The median follow-up period was 21 (range: 0-121) months. In the entire group of patients, the median OS was 34 months, and the 3- and 5-year survival rates were 48.5% and 36.9%, respectively.
Among the 134 patients undergoing pancreas resections for PDAC, 46 patients (34%) were aged 75 years or older. The comparison of clinicopathologic characteristics and postoperative outcomes between the elderly and younger patients was shown in Table 1. Although the elderly patients had more risk and trend with aspect to hemoglobin level and NLR (P = 0.010, P = 0.062), there were no significant differences in the induction and completion rates of NACRT, intraoperative variables including the surgical procedures, incidence of portal vein resection, length of operation and blood loss, and pathological data of LN metastasis and resection status between the two groups.
Mortality occurred in a patient in the younger group. Morbidity [18] (≥ Grade IIIb) occurred in 7 (15%) in the elderly group. The elderly group experienced a significantly higher incidence of postoperative major complications (P = 0.046). The incidence of POPF was similar between the two groups, while DGE occurred more frequently in the elderly patients than in the younger patients (P = 0.001). Furthermore, postoperative hospital stay in
the elderly group was longer than that in the younger group (P = 0.008). The induction rate of ACT was similar between the two groups (74% vs 80%, P = 0.458), however, the completion (more than 6 months) rate was significantly lower in the elderly group than the younger group (P = 0.022). Only 16 (35%) patients could complete ACT in the elderly group.
NACRT was performed for 82 patients (61%). Twenty-seven (59%) patients in the elderly group received NACRT (2 weeks: n = 18 and 5 weeks: n = 9), and 55 (63%) in the younger group did (2 weeks: n = 36 and 5 weeks: n = 19). There were no significant differences about the induction of NACRT between the two groups (P = 0.668). As for the completion rate, 24 out of 27 (89%) completed NACRT protocol in the elderly group and 48 out of 55 (87%) in the younger group. There were no significant differences about the completion rate of NACRT between the two groups. More importantly, both groups had high completion rate of NACRT regardless of the treatment period.
The median overall survival (OS) time and 3-year OS rate in the elderly patients were 27 months and 45%, compared to 58 months and 52% in the younger patients, respectively (Fig. 1a). As well, the median relapse free survival time and 3-year relapse free survival rate (RFS) in the elderly patients were 18 months and 36%, compared to 16 months and 36% in the younger patients, respectively (Fig. 1b). The differences were not statistically significant both in OS and RFS between the two groups (P = 0.270, P = 0.699).

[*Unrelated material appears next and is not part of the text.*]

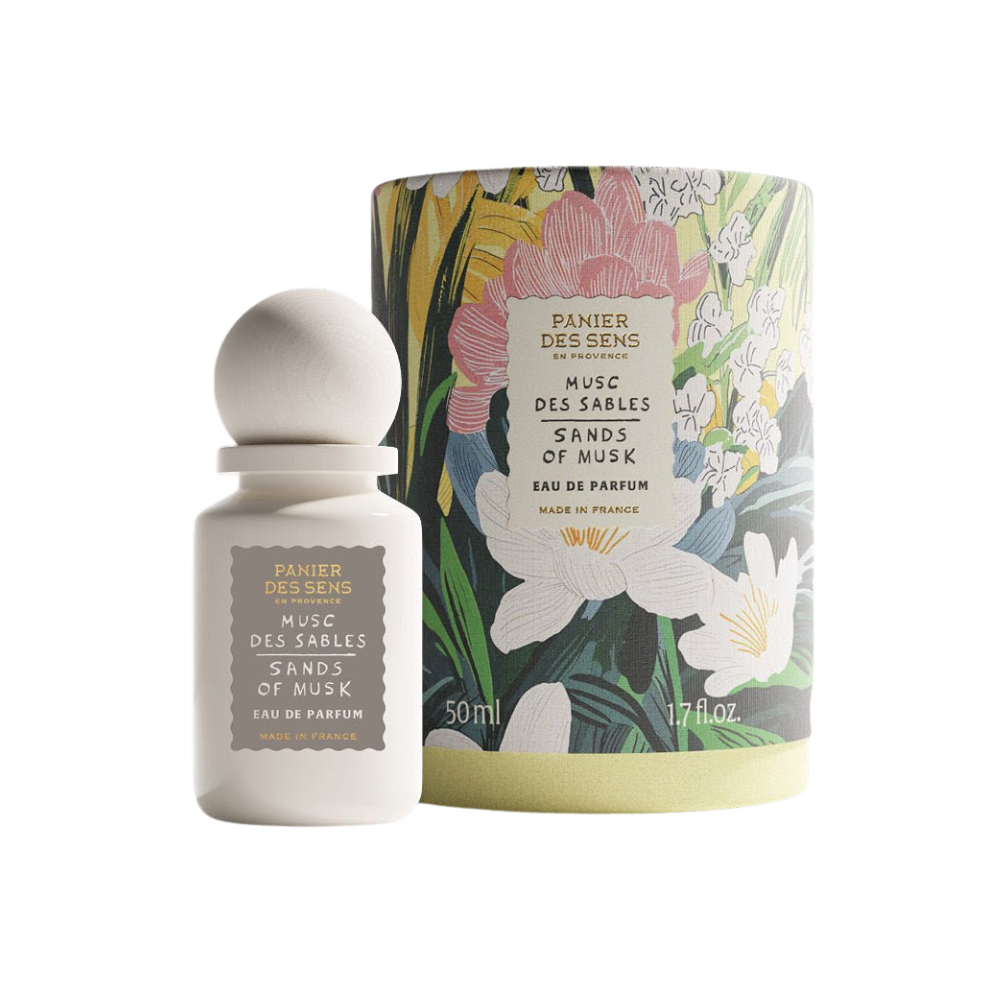 Sands of Musk perfume bottle and packaging with floral design on a white background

Table 2 shows the subgroup analysis for the clinicopathological factors in elderly patients with (n = 27) and without (n = 19) NACRT. The background factors such as age, sex, BMI, resectability [15], serum albumin and hemoglobin, NLR, intraoperative blood loss, transfusion, pathological LN metastases and resection status were not significantly different between the patients with and without NACRT. PD and TP were more frequently performed in patients with NACRT (P = 0.014). Portal vein was more frequently resected in the NACRT group (P = 0.044), and operation time was significantly longer in patients with NACRT (P = 0.049). As for perioperative outcomes, there were no significantly differences in morbidity, postoperative hospital stay and ACT induction and completion rates between the patients with and without NACRT.
The elderly patients with completion of postoperative ACT had significantly better OS than those without completion or induction of ACT (P = 0.032) (Fig. 2). The median OS and 3-year OS rate in the elderly patients with completion of ACT were 45 months and 66%, compared to 18 months and 33% in its counterpart. On the other hand, NACRT itself did not significantly affect OS in elderly patients, however, there was a trend toward improvement of OS (P = 0.072) (Fig. 3).
Figure 4 showed OS curves in the elderly group dividing into 4 groups with and without inductions of NACRT and ACT. Only patients who introduced both NACRT and ACT had significantly better OS than those who did either of NACRT or ACT or did not do either (P = 0.042, P = 0.017 and P = 0.002). It was suggested that performing NACRT before surgery and further performing ACT after surgery would improve OS for the elderly patients.